[Opening Available data section]

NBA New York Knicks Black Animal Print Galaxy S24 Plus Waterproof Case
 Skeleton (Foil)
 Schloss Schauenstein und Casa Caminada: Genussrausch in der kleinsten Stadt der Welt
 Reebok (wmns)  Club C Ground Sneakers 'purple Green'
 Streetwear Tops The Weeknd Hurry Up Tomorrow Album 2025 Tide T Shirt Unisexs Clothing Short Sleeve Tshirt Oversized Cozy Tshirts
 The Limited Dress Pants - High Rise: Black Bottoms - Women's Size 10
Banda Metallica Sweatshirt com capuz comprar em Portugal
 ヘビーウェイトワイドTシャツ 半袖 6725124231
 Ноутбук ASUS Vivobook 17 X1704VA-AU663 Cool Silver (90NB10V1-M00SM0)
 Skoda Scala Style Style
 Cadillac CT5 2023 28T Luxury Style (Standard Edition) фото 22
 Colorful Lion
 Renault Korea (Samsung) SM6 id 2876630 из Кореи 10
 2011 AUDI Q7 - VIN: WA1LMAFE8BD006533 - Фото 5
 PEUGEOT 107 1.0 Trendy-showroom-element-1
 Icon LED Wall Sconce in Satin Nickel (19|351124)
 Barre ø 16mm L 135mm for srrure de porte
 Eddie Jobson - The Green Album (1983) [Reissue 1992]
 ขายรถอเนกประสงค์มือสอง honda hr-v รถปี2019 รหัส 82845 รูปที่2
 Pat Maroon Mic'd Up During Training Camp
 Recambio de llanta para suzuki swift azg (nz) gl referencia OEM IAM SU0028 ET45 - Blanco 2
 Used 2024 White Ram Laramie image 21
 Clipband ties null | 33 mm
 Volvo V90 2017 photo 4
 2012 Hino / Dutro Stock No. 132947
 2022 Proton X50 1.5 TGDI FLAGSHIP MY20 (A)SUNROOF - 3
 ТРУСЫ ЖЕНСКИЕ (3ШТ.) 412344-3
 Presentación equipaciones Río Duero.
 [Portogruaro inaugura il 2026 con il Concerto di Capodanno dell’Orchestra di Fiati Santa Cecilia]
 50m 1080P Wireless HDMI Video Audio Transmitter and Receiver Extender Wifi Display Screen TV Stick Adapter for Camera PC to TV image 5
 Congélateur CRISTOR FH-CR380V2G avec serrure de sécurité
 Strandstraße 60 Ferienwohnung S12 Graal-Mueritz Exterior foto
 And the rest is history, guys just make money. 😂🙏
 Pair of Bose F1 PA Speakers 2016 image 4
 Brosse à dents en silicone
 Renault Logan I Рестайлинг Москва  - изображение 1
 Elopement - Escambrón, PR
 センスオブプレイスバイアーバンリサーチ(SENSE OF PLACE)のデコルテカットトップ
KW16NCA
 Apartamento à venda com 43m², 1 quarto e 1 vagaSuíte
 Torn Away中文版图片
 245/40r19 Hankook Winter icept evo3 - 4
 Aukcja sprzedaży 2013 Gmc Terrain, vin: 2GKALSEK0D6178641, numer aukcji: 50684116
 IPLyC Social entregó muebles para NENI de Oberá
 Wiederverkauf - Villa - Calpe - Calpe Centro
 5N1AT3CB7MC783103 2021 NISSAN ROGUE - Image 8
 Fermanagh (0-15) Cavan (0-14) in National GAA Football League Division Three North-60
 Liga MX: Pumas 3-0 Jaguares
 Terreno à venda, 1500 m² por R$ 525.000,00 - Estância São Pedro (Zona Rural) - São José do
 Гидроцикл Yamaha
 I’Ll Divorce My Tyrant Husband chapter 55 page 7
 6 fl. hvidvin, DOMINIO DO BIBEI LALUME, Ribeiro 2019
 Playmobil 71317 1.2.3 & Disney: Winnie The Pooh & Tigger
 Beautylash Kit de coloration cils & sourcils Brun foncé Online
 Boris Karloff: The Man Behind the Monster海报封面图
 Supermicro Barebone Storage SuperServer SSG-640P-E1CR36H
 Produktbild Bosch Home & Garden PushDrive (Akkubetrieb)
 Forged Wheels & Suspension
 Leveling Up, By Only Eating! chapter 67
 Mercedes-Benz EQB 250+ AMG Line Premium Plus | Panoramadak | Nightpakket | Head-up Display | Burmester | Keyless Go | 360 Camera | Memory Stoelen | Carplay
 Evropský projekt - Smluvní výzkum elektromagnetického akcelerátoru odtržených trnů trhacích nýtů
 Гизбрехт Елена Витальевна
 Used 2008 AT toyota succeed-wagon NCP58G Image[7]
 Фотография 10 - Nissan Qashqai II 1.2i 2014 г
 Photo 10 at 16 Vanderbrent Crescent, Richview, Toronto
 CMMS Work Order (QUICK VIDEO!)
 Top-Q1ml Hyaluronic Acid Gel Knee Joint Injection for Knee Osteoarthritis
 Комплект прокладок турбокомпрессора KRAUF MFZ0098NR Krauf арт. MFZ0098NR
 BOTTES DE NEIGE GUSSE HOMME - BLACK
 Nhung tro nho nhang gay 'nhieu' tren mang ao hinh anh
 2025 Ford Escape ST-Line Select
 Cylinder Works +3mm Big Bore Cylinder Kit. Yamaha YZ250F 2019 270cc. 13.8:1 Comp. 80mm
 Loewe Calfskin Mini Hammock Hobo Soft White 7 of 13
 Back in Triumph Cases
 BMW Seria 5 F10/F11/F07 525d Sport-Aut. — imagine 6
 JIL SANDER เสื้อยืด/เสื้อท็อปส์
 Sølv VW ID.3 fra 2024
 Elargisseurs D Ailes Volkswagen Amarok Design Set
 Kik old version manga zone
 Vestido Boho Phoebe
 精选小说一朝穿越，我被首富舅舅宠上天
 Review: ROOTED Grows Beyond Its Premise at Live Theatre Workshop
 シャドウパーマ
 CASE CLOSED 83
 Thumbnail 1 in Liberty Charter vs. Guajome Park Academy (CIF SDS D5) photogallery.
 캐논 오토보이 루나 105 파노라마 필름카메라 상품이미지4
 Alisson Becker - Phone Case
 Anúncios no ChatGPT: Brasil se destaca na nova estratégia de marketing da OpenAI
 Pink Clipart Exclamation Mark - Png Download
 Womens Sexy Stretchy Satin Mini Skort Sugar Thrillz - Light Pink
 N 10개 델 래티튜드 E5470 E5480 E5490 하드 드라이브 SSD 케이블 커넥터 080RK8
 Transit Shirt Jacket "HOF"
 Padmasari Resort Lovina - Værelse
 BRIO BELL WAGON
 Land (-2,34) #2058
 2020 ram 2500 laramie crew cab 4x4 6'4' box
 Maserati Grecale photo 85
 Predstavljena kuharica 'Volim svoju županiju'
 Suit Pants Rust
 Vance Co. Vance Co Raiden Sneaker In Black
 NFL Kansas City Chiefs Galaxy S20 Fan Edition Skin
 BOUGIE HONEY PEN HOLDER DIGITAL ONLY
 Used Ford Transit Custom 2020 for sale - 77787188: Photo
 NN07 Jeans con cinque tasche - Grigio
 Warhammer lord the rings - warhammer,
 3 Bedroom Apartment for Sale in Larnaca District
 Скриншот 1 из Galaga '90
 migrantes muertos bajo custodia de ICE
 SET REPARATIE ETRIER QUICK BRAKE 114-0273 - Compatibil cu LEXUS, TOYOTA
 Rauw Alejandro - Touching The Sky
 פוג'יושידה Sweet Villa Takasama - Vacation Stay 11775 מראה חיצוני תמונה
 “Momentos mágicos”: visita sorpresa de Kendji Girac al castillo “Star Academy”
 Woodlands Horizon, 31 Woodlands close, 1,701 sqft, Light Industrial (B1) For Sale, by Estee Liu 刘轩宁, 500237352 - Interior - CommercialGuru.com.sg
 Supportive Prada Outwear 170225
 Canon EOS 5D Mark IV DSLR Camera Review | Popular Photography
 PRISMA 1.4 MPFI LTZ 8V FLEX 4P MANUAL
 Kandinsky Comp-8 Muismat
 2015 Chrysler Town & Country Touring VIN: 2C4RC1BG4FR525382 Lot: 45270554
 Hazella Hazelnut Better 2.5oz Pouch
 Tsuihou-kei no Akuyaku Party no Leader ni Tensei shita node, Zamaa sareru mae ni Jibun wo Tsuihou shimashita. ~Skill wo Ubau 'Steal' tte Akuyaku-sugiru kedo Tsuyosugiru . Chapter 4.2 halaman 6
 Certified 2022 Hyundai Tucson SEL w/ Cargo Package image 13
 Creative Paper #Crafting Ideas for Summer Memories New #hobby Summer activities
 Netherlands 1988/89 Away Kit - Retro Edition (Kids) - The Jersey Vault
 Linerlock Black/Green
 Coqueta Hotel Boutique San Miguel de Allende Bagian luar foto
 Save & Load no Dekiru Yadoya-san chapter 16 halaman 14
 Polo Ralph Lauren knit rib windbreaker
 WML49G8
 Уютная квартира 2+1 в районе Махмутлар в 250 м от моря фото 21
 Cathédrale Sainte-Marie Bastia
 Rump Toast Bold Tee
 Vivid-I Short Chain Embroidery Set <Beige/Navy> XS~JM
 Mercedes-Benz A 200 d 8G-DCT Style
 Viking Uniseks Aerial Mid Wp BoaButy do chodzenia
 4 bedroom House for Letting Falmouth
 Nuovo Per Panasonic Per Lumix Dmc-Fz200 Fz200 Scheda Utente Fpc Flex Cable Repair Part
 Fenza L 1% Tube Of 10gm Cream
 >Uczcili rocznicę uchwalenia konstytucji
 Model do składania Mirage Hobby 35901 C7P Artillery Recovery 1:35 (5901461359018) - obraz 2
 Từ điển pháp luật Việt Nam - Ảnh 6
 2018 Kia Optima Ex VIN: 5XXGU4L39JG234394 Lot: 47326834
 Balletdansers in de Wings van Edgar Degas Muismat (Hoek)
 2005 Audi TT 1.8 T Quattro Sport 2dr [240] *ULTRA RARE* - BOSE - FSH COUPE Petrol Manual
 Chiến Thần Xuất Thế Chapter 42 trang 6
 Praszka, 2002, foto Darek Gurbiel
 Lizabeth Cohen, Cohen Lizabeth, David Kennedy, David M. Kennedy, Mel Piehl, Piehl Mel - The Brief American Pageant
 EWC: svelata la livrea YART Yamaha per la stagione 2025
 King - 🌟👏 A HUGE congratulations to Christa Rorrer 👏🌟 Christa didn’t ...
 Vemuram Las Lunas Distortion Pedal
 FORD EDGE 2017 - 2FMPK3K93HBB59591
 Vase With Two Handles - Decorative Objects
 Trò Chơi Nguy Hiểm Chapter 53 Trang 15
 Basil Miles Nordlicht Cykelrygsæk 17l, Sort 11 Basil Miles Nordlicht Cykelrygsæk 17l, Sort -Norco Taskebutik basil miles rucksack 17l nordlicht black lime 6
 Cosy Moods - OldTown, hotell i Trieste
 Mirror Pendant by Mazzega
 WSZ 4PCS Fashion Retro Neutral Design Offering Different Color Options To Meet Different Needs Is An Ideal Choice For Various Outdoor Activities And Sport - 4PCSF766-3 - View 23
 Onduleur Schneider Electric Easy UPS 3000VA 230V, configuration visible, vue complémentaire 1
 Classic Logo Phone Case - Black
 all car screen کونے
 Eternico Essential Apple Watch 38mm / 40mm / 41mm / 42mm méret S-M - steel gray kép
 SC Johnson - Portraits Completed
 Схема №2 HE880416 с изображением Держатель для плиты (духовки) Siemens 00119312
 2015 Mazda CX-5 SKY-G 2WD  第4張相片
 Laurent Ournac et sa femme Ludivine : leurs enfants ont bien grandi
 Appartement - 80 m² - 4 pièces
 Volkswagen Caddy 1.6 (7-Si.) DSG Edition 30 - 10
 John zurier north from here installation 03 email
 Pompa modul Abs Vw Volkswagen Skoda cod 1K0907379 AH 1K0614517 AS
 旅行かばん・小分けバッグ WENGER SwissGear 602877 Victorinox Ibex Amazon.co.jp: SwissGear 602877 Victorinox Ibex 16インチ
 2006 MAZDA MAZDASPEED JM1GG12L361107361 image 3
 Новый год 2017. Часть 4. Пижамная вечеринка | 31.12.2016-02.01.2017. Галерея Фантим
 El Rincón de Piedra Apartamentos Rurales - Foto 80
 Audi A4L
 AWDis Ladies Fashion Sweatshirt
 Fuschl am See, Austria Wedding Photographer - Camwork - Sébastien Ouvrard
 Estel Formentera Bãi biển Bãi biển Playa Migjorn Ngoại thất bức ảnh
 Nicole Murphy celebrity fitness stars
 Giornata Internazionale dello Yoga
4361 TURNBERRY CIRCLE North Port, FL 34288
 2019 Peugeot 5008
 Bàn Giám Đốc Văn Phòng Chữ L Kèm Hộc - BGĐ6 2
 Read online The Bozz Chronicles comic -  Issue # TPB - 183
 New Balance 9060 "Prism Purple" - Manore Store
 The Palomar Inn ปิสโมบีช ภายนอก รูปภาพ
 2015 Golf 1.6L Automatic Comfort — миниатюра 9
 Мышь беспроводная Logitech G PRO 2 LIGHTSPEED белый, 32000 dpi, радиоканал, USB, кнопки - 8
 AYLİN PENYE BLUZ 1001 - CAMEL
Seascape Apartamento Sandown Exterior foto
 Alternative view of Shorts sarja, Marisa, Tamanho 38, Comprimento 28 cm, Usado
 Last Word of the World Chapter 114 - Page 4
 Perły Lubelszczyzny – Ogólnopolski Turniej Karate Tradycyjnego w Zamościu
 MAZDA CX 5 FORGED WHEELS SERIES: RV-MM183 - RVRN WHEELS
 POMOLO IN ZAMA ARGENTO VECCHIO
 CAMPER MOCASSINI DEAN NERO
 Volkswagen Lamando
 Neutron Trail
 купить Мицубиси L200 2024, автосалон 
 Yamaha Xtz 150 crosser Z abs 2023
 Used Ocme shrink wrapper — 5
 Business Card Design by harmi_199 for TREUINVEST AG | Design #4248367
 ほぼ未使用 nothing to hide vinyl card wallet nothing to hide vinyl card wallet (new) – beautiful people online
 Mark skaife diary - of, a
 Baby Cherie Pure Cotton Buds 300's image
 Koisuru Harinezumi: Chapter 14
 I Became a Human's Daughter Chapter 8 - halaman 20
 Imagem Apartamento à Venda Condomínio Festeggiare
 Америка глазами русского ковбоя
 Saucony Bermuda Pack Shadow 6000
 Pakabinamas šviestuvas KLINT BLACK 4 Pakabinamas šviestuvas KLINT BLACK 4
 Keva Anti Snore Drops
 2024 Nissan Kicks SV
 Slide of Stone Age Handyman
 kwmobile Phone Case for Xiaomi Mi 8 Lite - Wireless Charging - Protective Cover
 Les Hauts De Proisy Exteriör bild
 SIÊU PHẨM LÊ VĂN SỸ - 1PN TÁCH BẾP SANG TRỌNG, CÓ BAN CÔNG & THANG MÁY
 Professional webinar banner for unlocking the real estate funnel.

[Closing Available data section]

When you come to the line containing "Renault Logan I", give it and stop; before that, repeat each line of the material exactly from the first one.

NBA New York Knicks Black Animal Print Galaxy S24 Plus Waterproof Case
 Skeleton (Foil)
 Schloss Schauenstein und Casa Caminada: Genussrausch in der kleinsten Stadt der Welt
 Reebok (wmns)  Club C Ground Sneakers 'purple Green'
 Streetwear Tops The Weeknd Hurry Up Tomorrow Album 2025 Tide T Shirt Unisexs Clothing Short Sleeve Tshirt Oversized Cozy Tshirts
 The Limited Dress Pants - High Rise: Black Bottoms - Women's Size 10
Banda Metallica Sweatshirt com capuz comprar em Portugal
 ヘビーウェイトワイドTシャツ 半袖 6725124231
 Ноутбук ASUS Vivobook 17 X1704VA-AU663 Cool Silver (90NB10V1-M00SM0)
 Skoda Scala Style Style
 Cadillac CT5 2023 28T Luxury Style (Standard Edition) фото 22
 Colorful Lion
 Renault Korea (Samsung) SM6 id 2876630 из Кореи 10
 2011 AUDI Q7 - VIN: WA1LMAFE8BD006533 - Фото 5
 PEUGEOT 107 1.0 Trendy-showroom-element-1
 Icon LED Wall Sconce in Satin Nickel (19|351124)
 Barre ø 16mm L 135mm for srrure de porte
 Eddie Jobson - The Green Album (1983) [Reissue 1992]
 ขายรถอเนกประสงค์มือสอง honda hr-v รถปี2019 รหัส 82845 รูปที่2
 Pat Maroon Mic'd Up During Training Camp
 Recambio de llanta para suzuki swift azg (nz) gl referencia OEM IAM SU0028 ET45 - Blanco 2
 Used 2024 White Ram Laramie image 21
 Clipband ties null | 33 mm
 Volvo V90 2017 photo 4
 2012 Hino / Dutro Stock No. 132947
 2022 Proton X50 1.5 TGDI FLAGSHIP MY20 (A)SUNROOF - 3
 ТРУСЫ ЖЕНСКИЕ (3ШТ.) 412344-3
 Presentación equipaciones Río Duero.
 [Portogruaro inaugura il 2026 con il Concerto di Capodanno dell’Orchestra di Fiati Santa Cecilia]
 50m 1080P Wireless HDMI Video Audio Transmitter and Receiver Extender Wifi Display Screen TV Stick Adapter for Camera PC to TV image 5
 Congélateur CRISTOR FH-CR380V2G avec serrure de sécurité
 Strandstraße 60 Ferienwohnung S12 Graal-Mueritz Exterior foto
 And the rest is history, guys just make money. 😂🙏
 Pair of Bose F1 PA Speakers 2016 image 4
 Brosse à dents en silicone
 Renault Logan I Рестайлинг Москва  - изображение 1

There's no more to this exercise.